CDC researchers link cancer cells from parasite to human tumors

Unique case raises questions about misdiagnosis and treatment
Scientists at the Centers for Disease Control and Prevention have discovered cancer cells originating in a common tapeworm may take root in people with weakened immune systems, causing cancer-like tumors. It is the first known case of a person becoming ill from cancer cells that arose in a parasite – in this case, Hymenolepis nana, the dwarf tapeworm.
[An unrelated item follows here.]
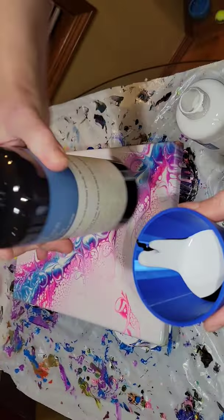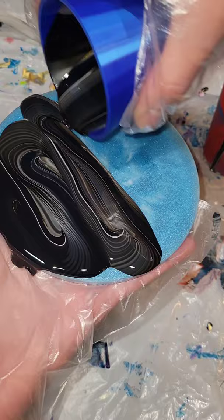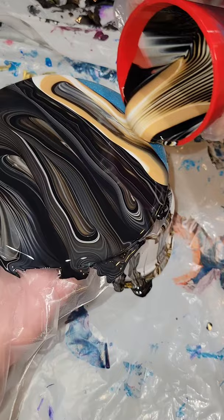So let's do some acrylic pouring. I have two cups here. I'm layering them with black, white, and gold. I was trying to switch up where I layered my colors. This red cup is mostly white and gold with a little bit of black, and this blue cup is mostly black and white with a little bit of gold.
The report, in the Nov. 5 issue of the New England Journal of Medicine, raises concern that other similar cases, if they occur, may be misdiagnosed as human cancer – especially in less developed countries where this tapeworm and immune-system-suppressing illnesses like HIV are widespread.
“We were amazed when we found this new type of disease – tapeworms growing inside a person essentially getting cancer that spreads to the person, causing tumors,” said Atis Muehlenbachs, M.D., Ph.D., staff pathologist in CDC’s Infectious Diseases Pathology Branch (IDPB) and lead author of the study. “We think this type of event is rare. However, this tapeworm is found worldwide and millions of people globally suffer from conditions like HIV that weaken their immune system. So there may be more cases that are unrecognized. It’s definitely an area that deserves more study.”